━━ EXERCISE MATERIAL ━━
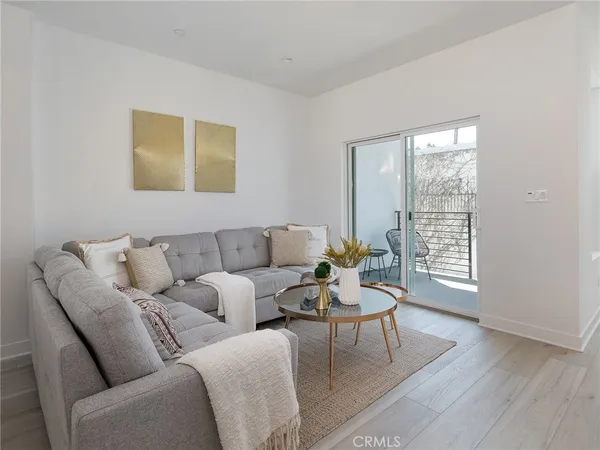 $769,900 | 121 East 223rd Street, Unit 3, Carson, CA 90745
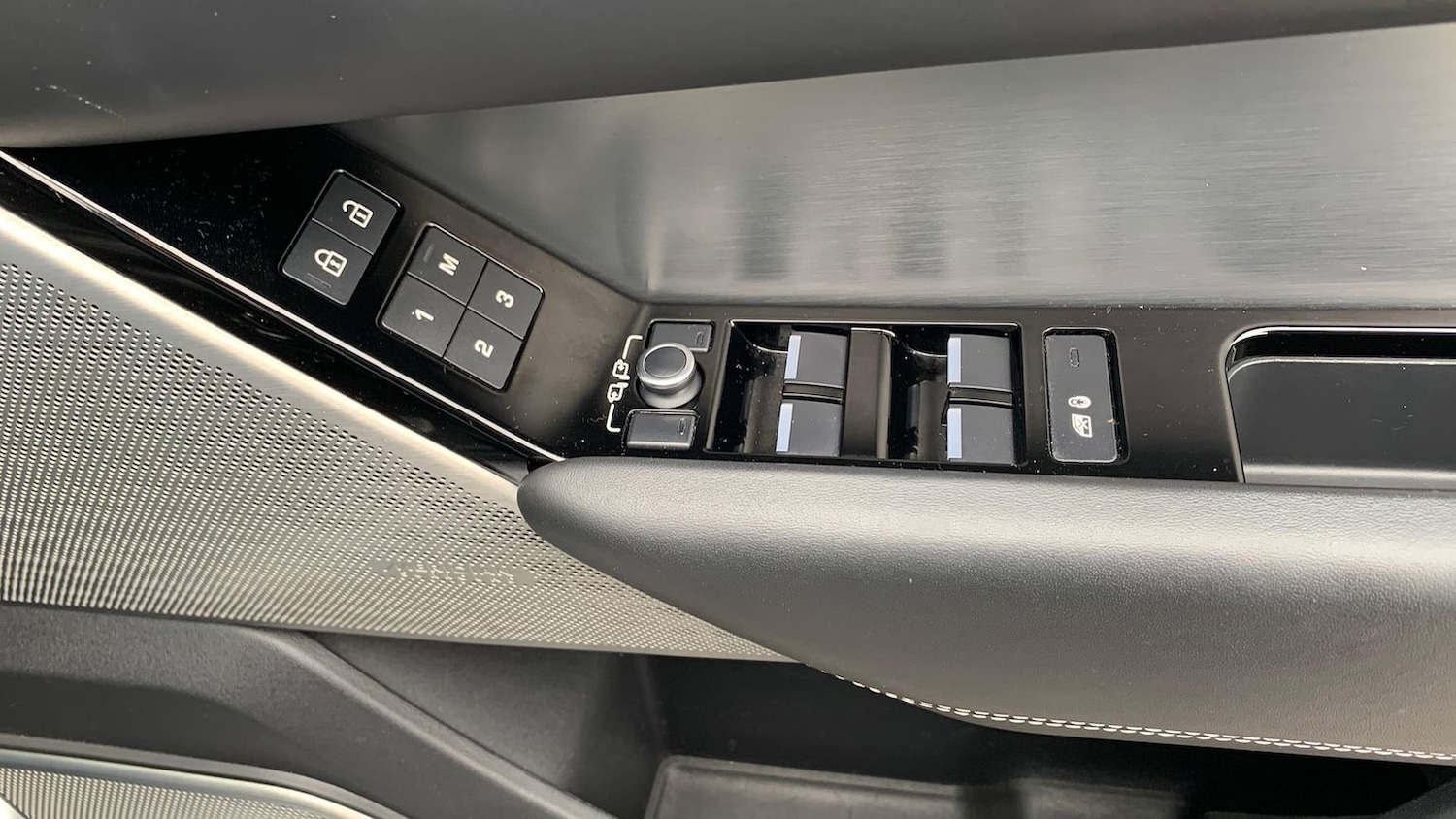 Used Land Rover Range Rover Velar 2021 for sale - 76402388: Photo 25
━━━
━━ EXERCISE MATERIAL ━━
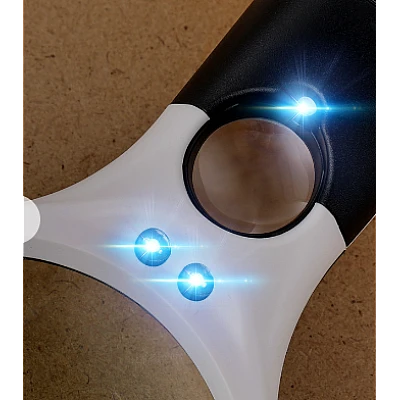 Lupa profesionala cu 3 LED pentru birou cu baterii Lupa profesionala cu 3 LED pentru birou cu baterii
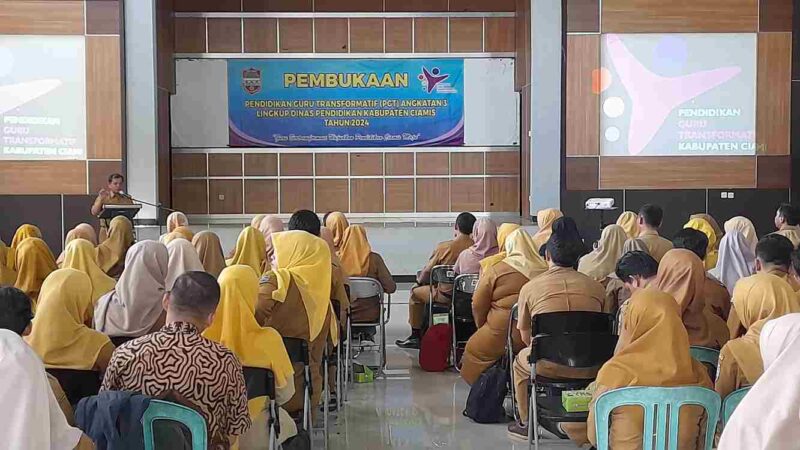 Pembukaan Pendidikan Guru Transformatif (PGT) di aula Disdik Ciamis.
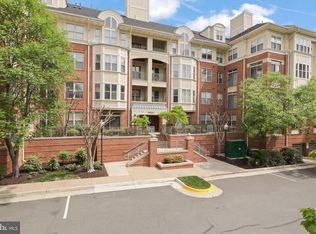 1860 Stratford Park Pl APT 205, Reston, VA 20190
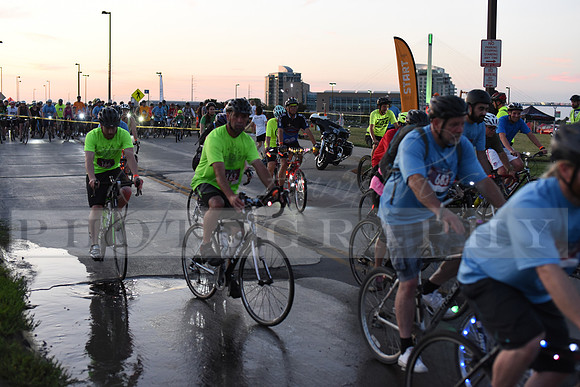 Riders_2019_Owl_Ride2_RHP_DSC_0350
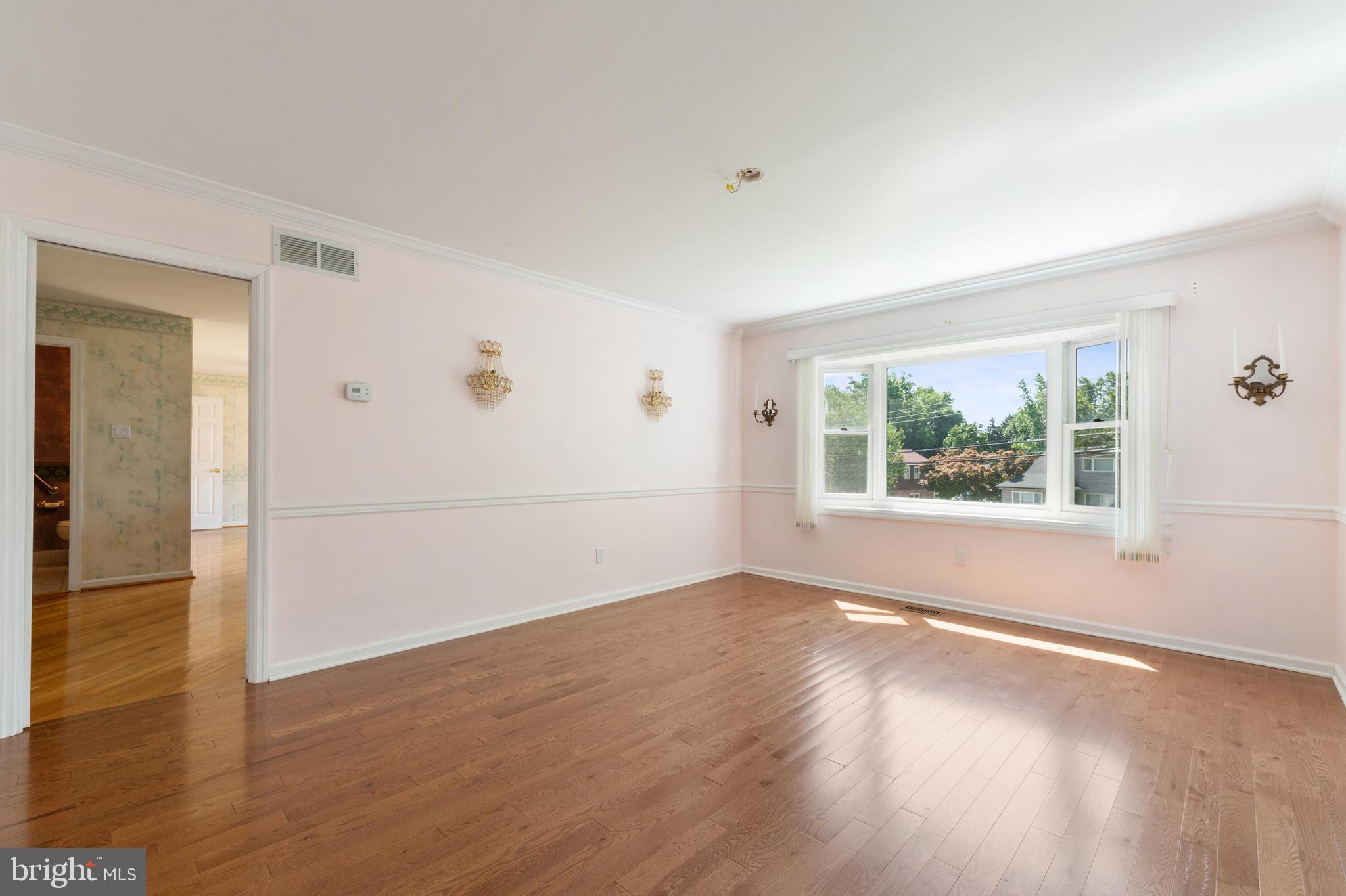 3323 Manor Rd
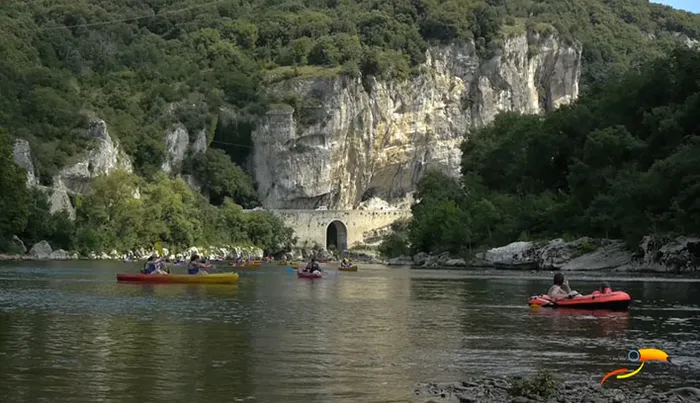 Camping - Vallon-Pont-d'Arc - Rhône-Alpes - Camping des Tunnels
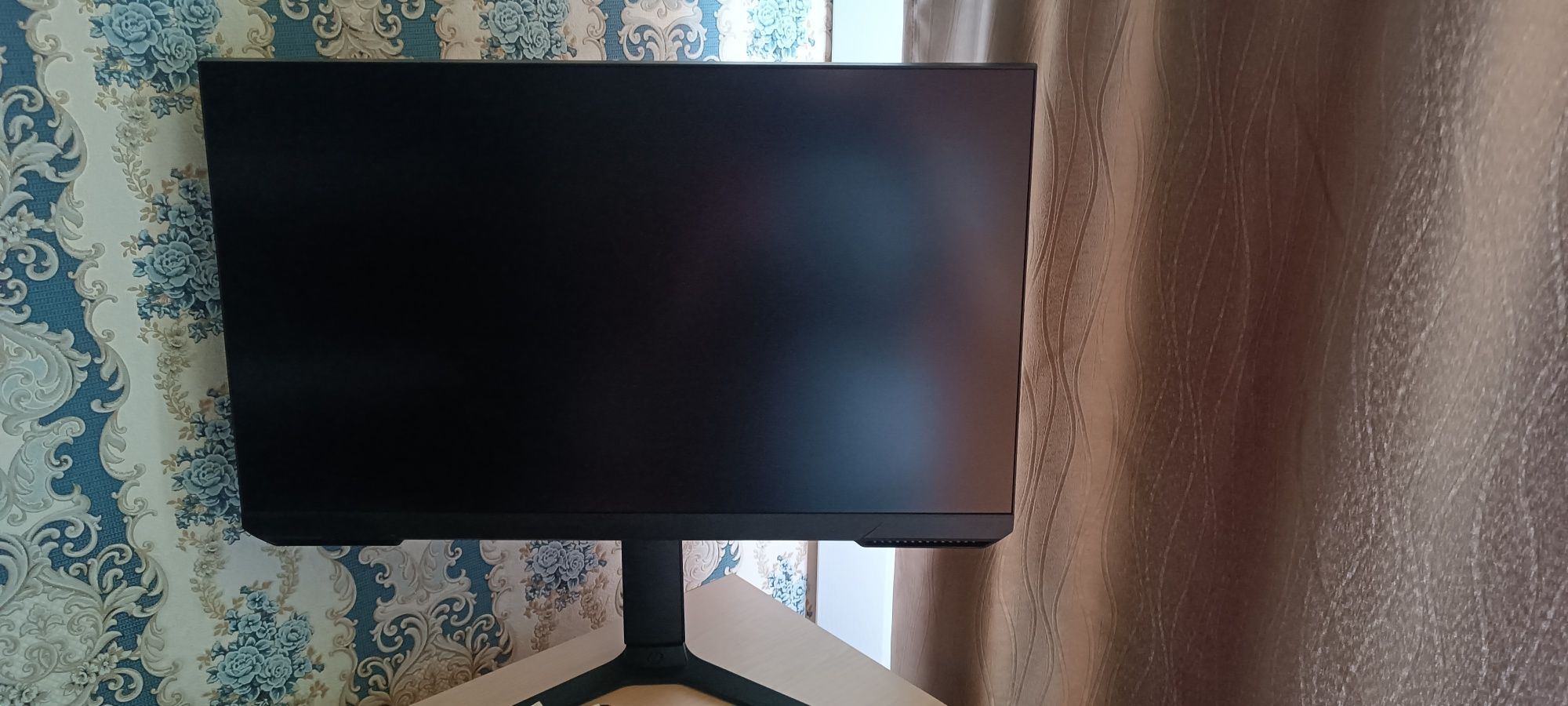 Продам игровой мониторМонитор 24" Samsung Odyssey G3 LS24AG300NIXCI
━━━
━━ EXERCISE MATERIAL ━━
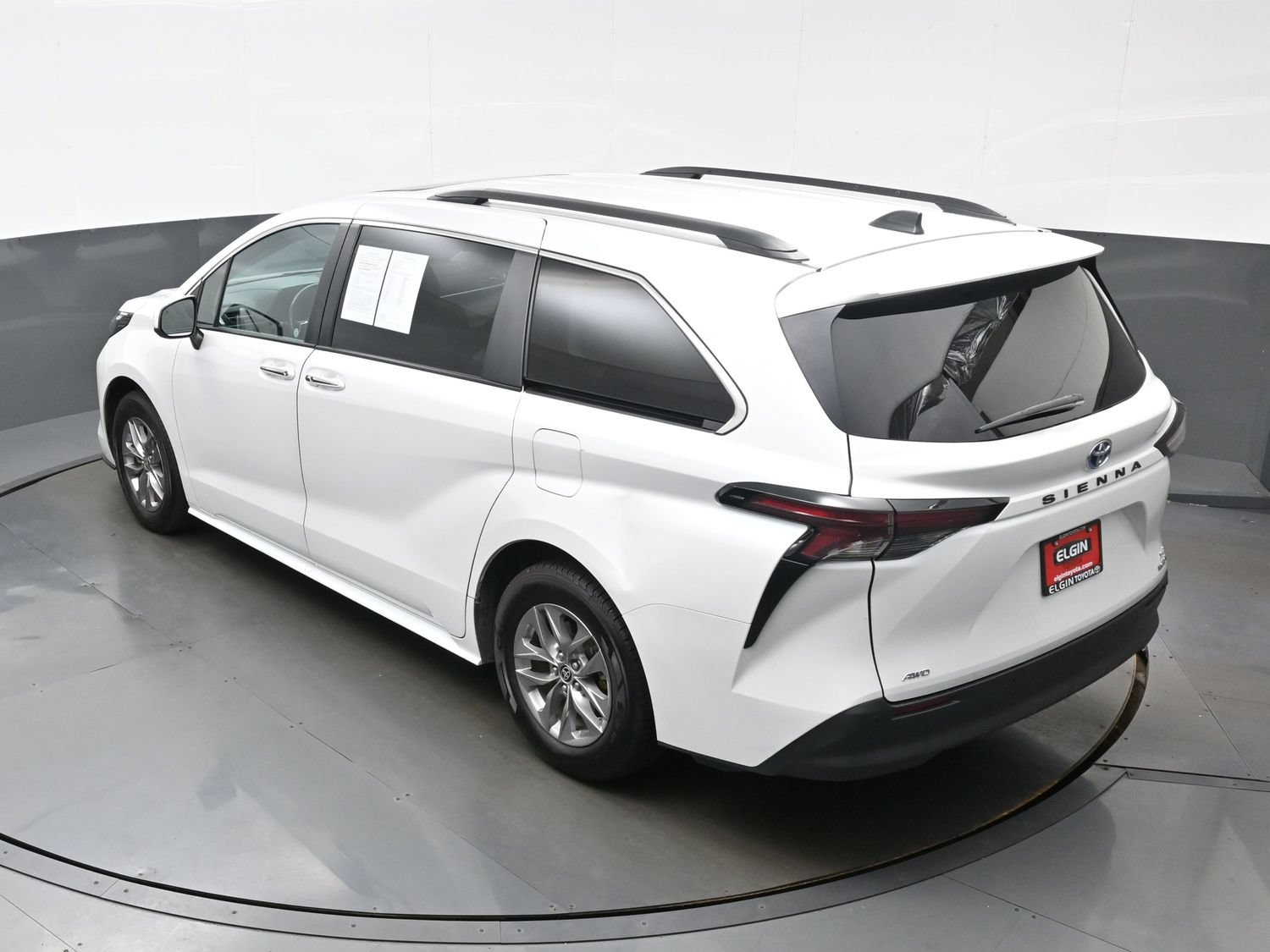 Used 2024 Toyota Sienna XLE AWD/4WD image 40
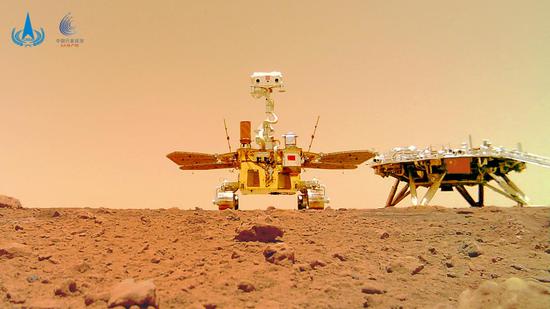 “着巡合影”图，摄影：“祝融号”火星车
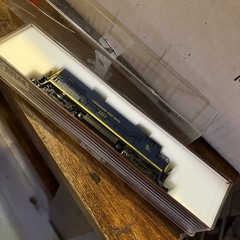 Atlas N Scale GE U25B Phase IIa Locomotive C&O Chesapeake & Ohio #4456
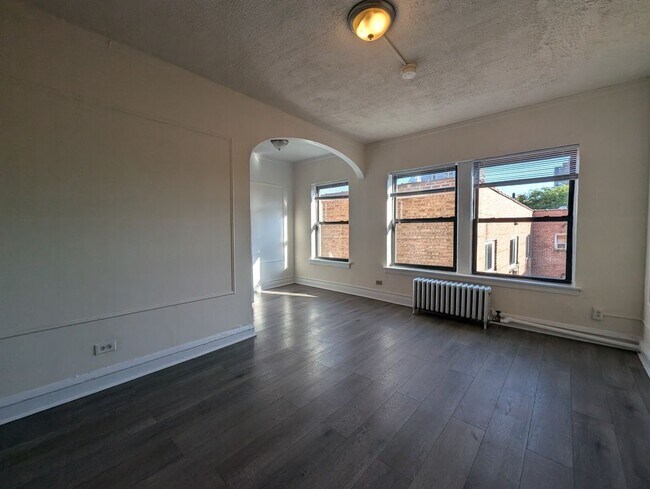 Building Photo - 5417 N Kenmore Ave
━━━
- _WORK INSTRUCTION_: Reproduce the lines above starting at the one with "Carson, CA 90745" and ending at the one with "Used Land Rover", both included, exactly and with no pictures.

- _YOUR SOLUTION_:
 $769,900 | 121 East 223rd Street, Unit 3, Carson, CA 90745
 Used Land Rover Range Rover Velar 2021 for sale - 76402388: Photo 25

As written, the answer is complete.